## [Assignment]
Should any entry hold a picture, omit that picture and copy the rest of the entry exactly.

[Captioned web images]
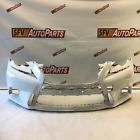 22994985 Factory Oem 2014 2015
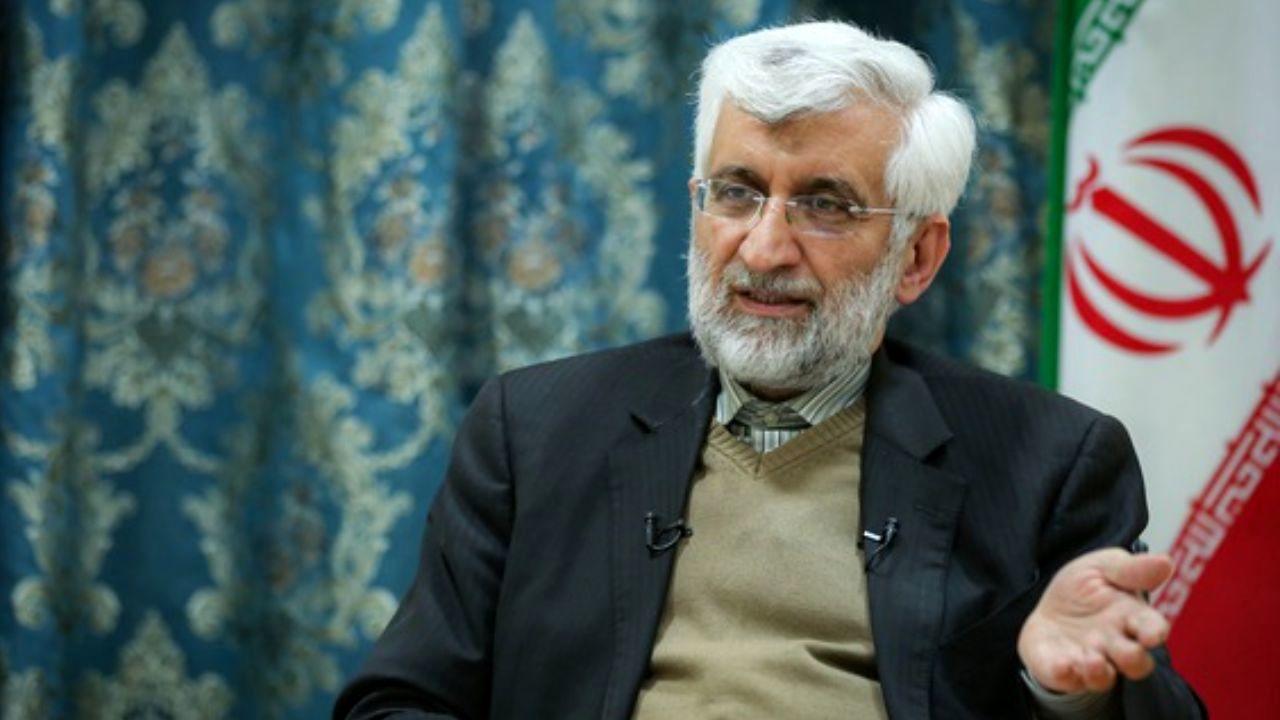 اتکا به تولیدات روستایی می‌تواند موجب رشد ارزآوری در کشور شود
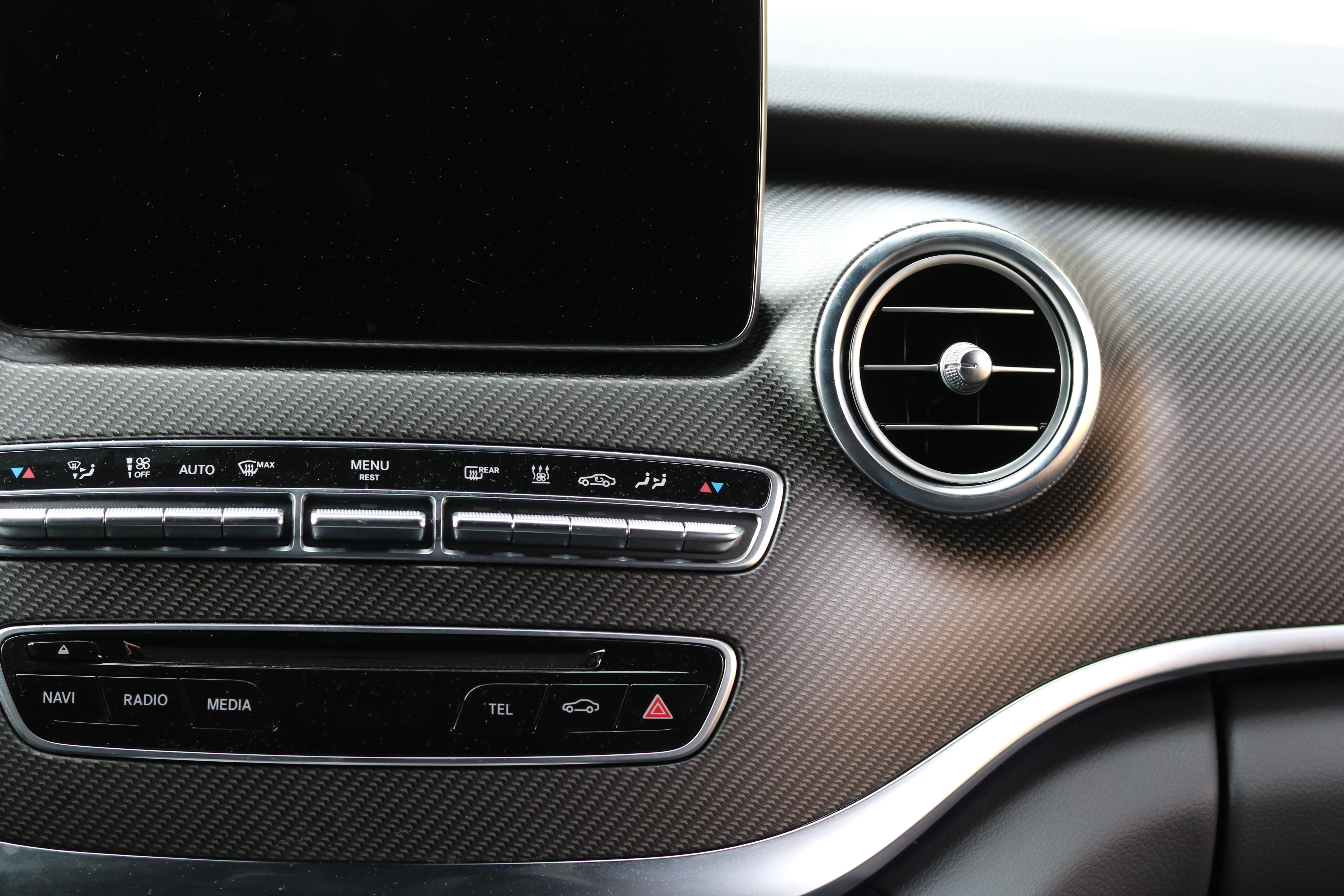technology, ventilation, push button, navi, carboxylic, no people, automotive, vehicle interior, land vehicle, travel, control, wireless technology, cockpit, HD Wallpaper
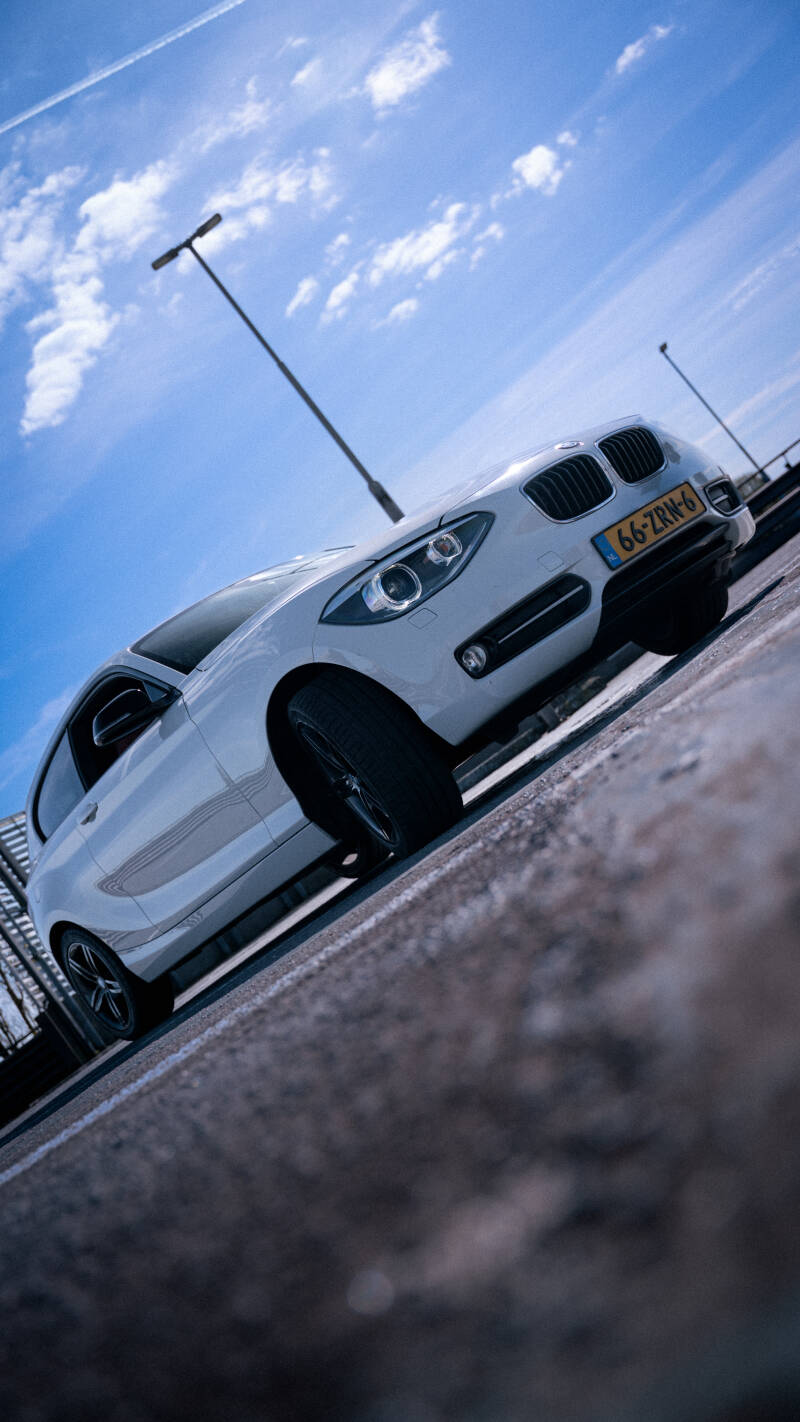 auto-delano-bmw-36-standard.jpg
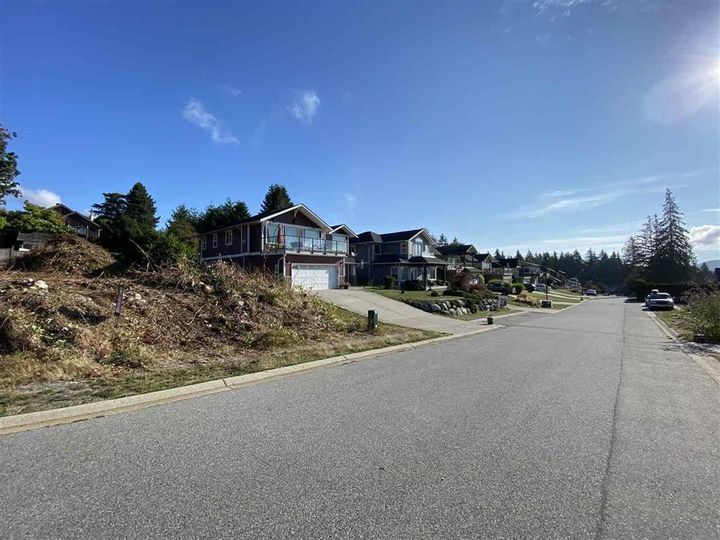 Photo 2 at LOT 6 Steinbrunner Road, Gibsons & Area, Sunshine Coast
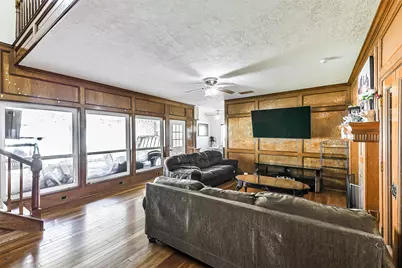 8006 N Circle Drive, Houston, TX 77071 - Photo 10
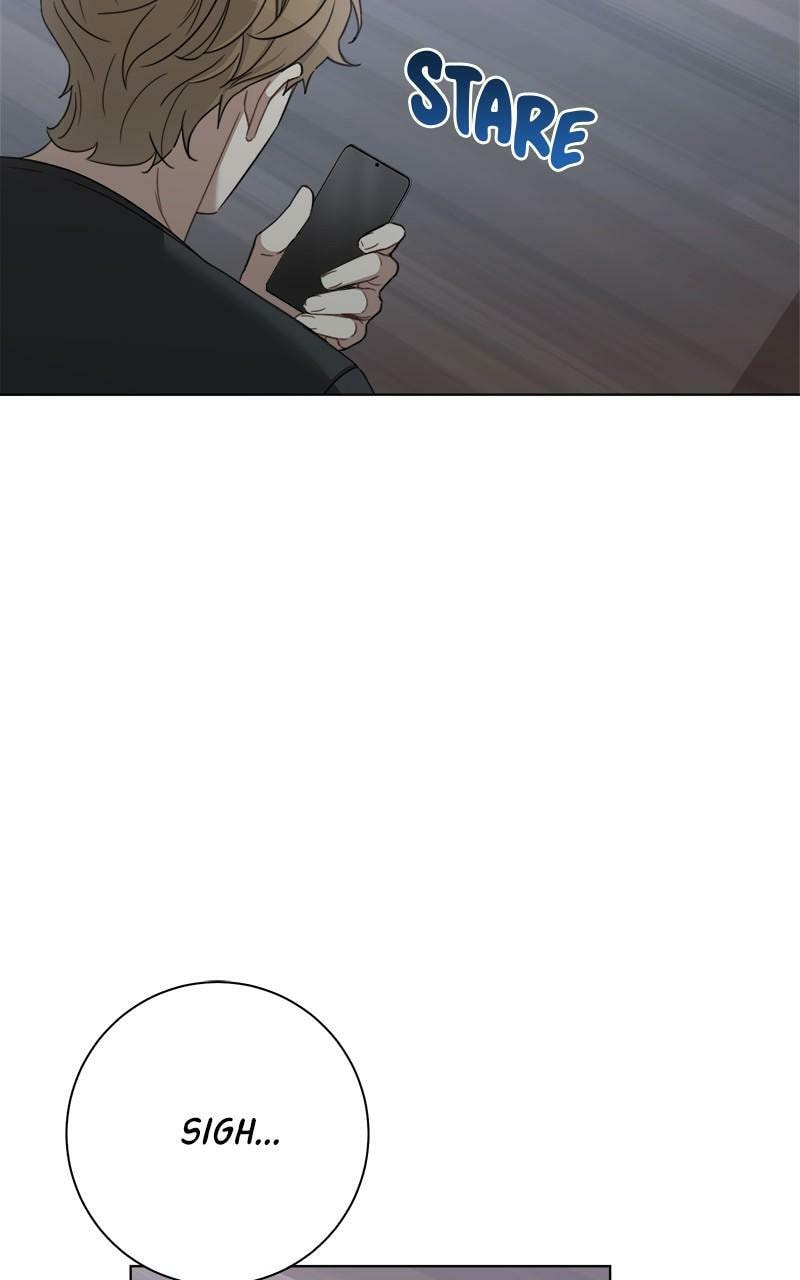 Read The RUNWAY chapter 75 image 30 on Lezhin
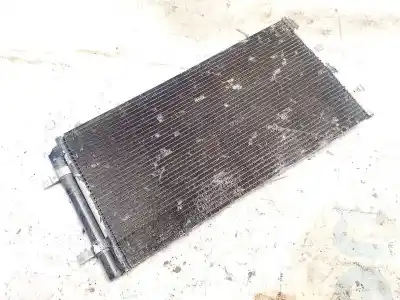 Автозапчасти б/у радиатор отопления / кондиционирования воздуха за audi a4 b8 (8k2) 2.0 tdi quattro ссылки oem iam   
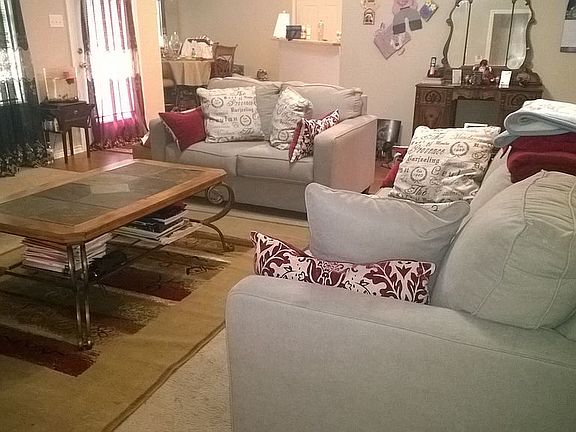 Living Room 1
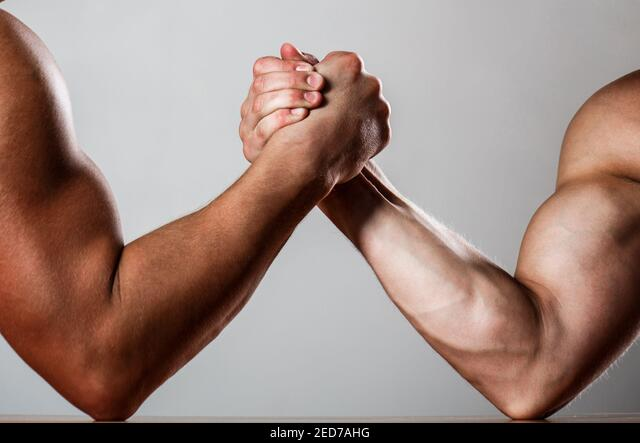 Megahand🔞 tweet media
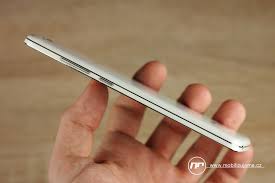 Recenze Allview V1 Viper S4G: Čínská ...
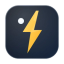 icon of AI Motion Control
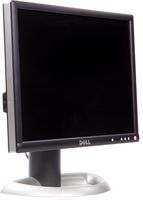 DELL Part # 2001FP,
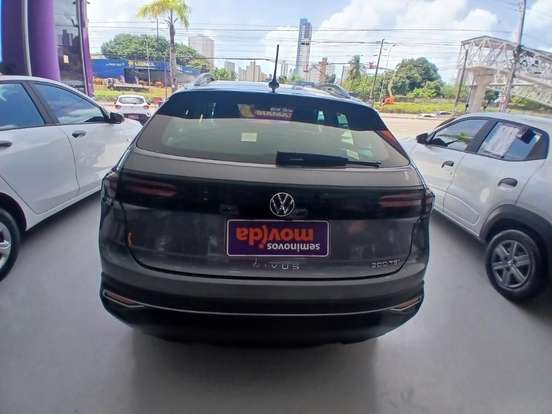 VOLKSWAGEN-NIVUS-2024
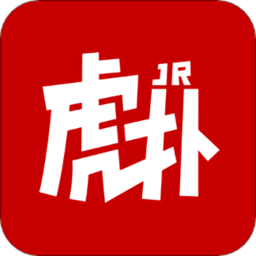 AC米兰的战术创新与对手的应对策略
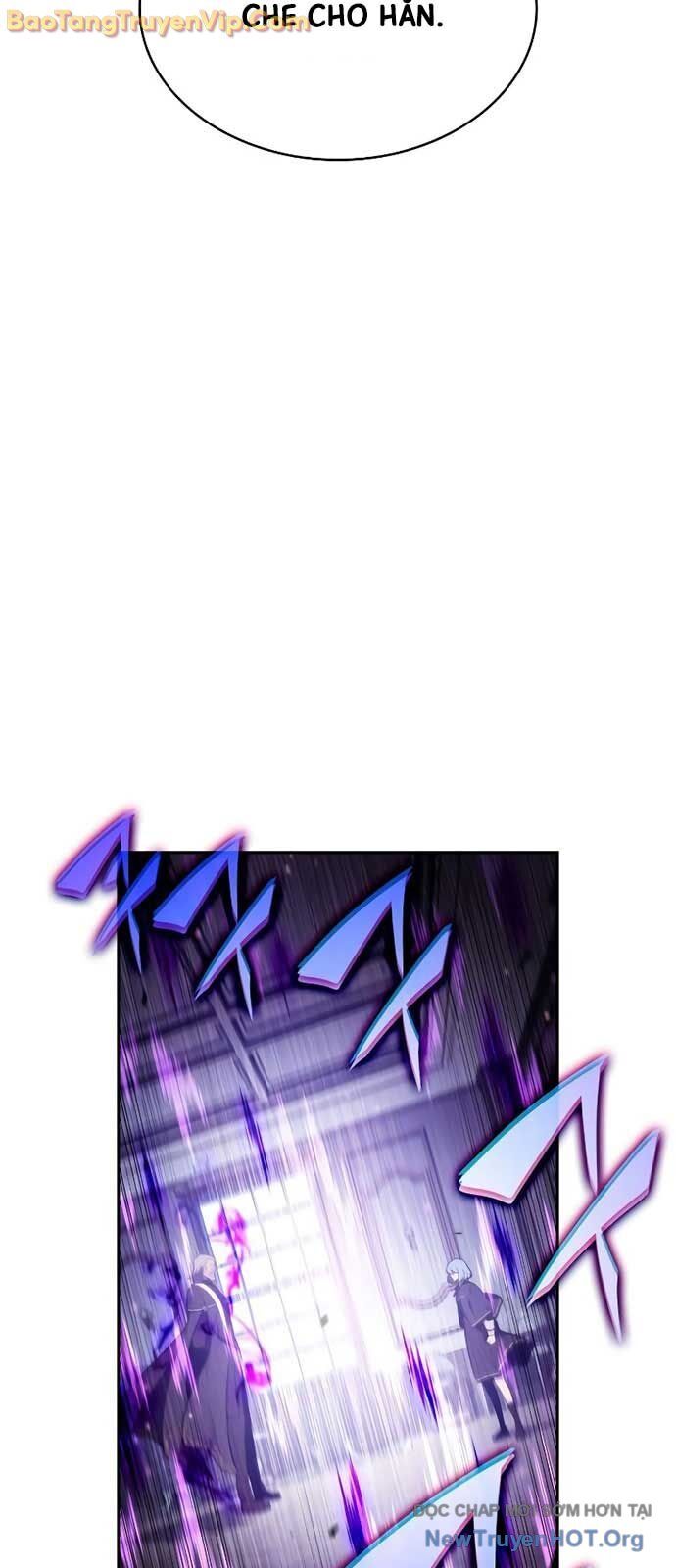 Cậu Út Nhà Công Tước Là Sát Thủ Hồi Quy Chap 84 - Next Chap 85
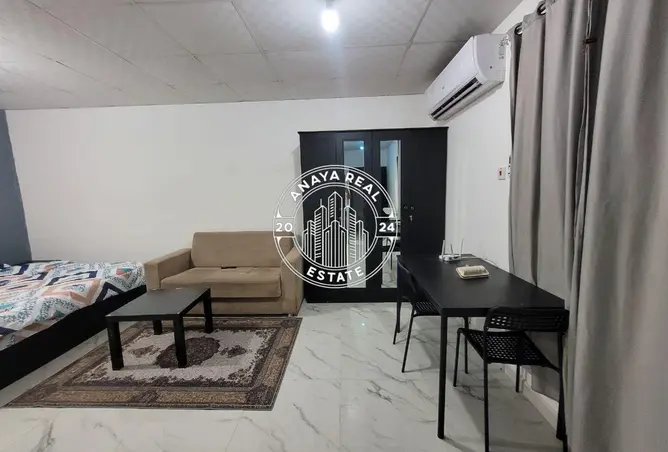60781394 - Property Image 2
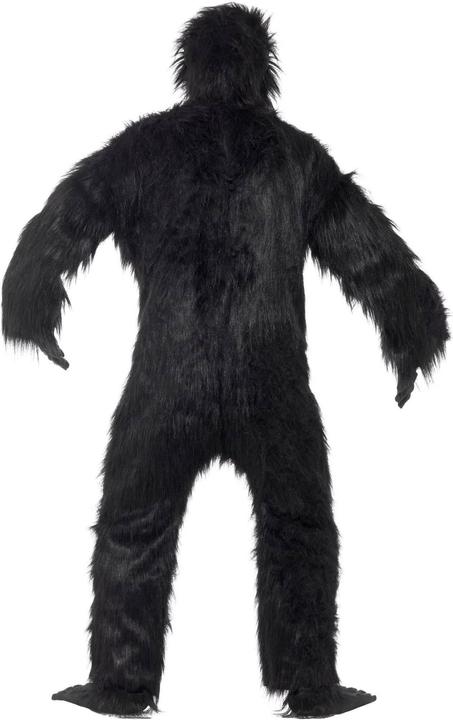 Produktbild Smiffys Deluxe Kostüm (One Size)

## [Your solution]
 22994985 Factory Oem 2014 2015
 اتکا به تولیدات روستایی می‌تواند موجب رشد ارزآوری در کشور شود
technology, ventilation, push button, navi, carboxylic, no people, automotive, vehicle interior, land vehicle, travel, control, wireless technology, cockpit, HD Wallpaper
 auto-delano-bmw-36-standard.jpg
 Photo 2 at LOT 6 Steinbrunner Road, Gibsons & Area, Sunshine Coast
 8006 N Circle Drive, Houston, TX 77071 - Photo 10
 Read The RUNWAY chapter 75 image 30 on Lezhin
 Автозапчасти б/у радиатор отопления / кондиционирования воздуха за audi a4 b8 (8k2) 2.0 tdi quattro ссылки oem iam   
 Living Room 1
 Megahand🔞 tweet media
 Recenze Allview V1 Viper S4G: Čínská ...
 icon of AI Motion Control
 DELL Part # 2001FP,
 VOLKSWAGEN-NIVUS-2024
 AC米兰的战术创新与对手的应对策略
 Cậu Út Nhà Công Tước Là Sát Thủ Hồi Quy Chap 84 - Next Chap 85
60781394 - Property Image 2
 Produktbild Smiffys Deluxe Kostüm (One Size)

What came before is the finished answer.